Il a refusé la vie commune, le mariage avec Rachel Schwartz, qui est juive, pour vivre une vie professionnelle enviable, se marier et élever un fils. En secret, il initie sa fille aux plaisirs pervers, tout en la séduisant par son goût des langues, qu’elle partage. Le piège s’est refermé. La mère, que le lecteur trouvera irresponsable, n’y voit goutte. Sa fidélité fantasmatique lui évite la réalité, qu’elle doit un jour affronter. Ce n’est pas un roman, mais un propos de littérature.

Plus que l’amour

Cet « amour impossible » est donc réinvesti de manière à mettre plus que jamais le lecteur de son côté. Le talent d’Angot est un cri froid, construit, lutte pour la conscience de Christine engagée en écriture. Sans concession, précis et halluciné, ce récit d’initiation part d’une enfant à qui on n’a pas permis de grandir, la jetant dans une situation d’indifférence cruelle à ses besoins et à son âge.

L’au-delà de cet amour impossible se nomme trauma. Bouleversante, drôle quand elle évoque l’épouse de son père, cette narratrice, dédoublée d’un livre à l’autre, sans récit scabreux cette fois, se concentre sur le rôle maternel, faussement maternant, complice d’un crime fait à la jeunesse de Christine par folie, par omission et évitement.

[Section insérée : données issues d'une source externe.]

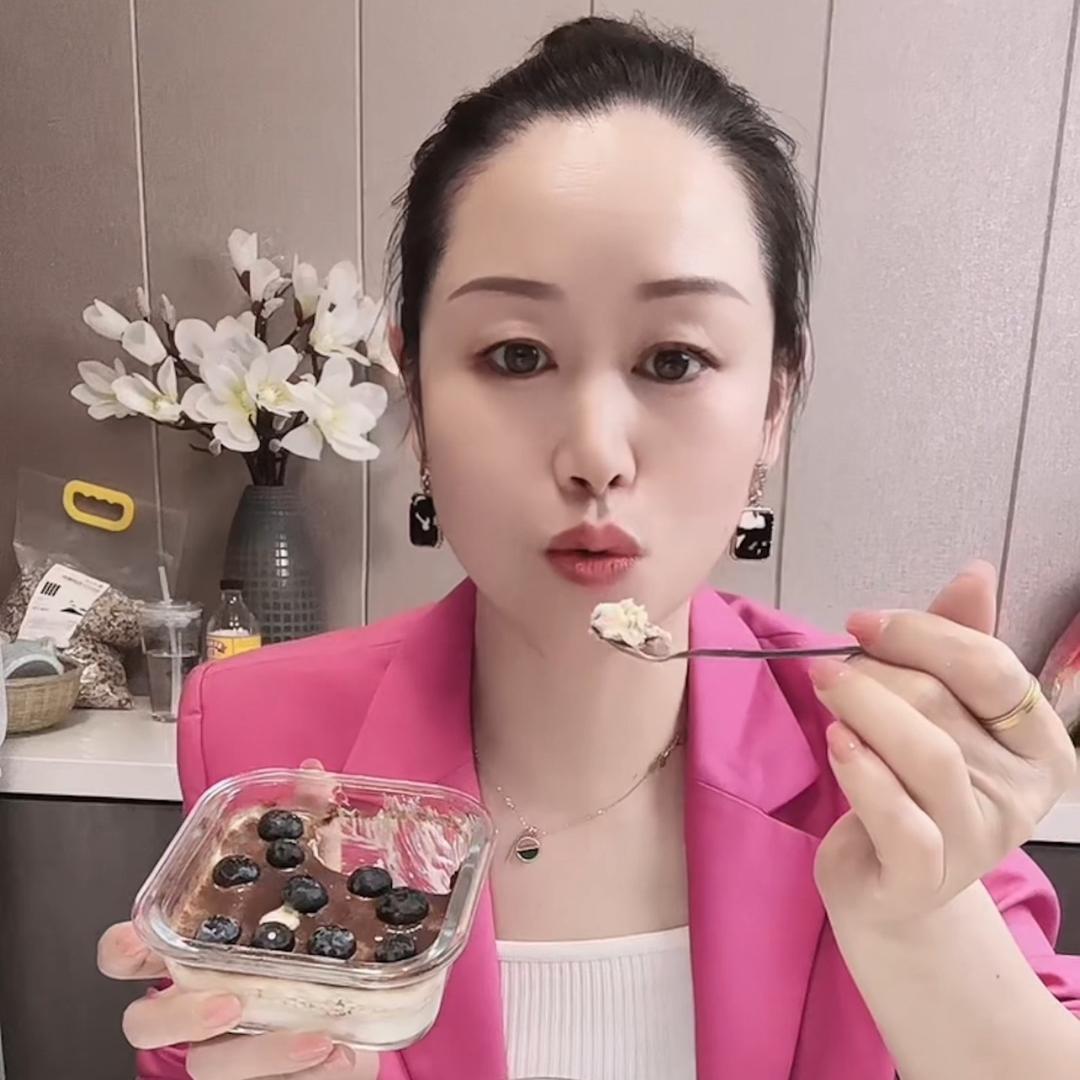 莉莉低卡厨房 （ 第二小号 ）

C’est brillant. Angot raconte la rupture de confiance face à cette mère toute-puissante dans sa maternité. Cet homme, l’adolescente le connaît, il règne sur un château de cartes. Mais il faudra que toutes les pièces soient à terre pour faire éclater les mensonges. Sans juger, l’écrivaine trouve les mots d’une femme devant rompre avec sa famille : l’adulte n’est plus complice du passé.

Enfance revisitée

 

L’amour maternel est-il coupable ? Constant, frappé de remords inextinguibles, il affronte l’amour impitoyable de la fille. Cet attachement aux ruines est un des plus beaux objets du roman. Il faut des mots pour mettre la honte de soi à nu, les obsessions comme elles sont, sous le voile de l’intimité et de la vie privée. De la famille.

La morale d’Angot valide l’amour détruit et l’impossible renoncement. Qu’y a-t-il à sauver du naufrage des sentiments que la perversion sexuelle a noyés ? En défaisant le noeud gordien, il demeure l’amour infime et ses traces, un rythme, un souffle, la vie affective turbulente.

La fin du livre rebondit en sociologie sur la place des femmes. Cette prison ultime s’avère être une gare : une voie de sortie. Dans cette analyse, adressée à la mère, il y a le regard de tout être qui a été abaissé et humilié. Victime ? Pas vraiment, car cette proie, jadis piégée, se libère.

Des sentiments très anciens, qu’on croyait perdus, qui dataient de sa jeunesse à elle et à moi de mon enfance, ont commencé à réapparaître. On ne s’y attendait pas. On ne les espérait plus.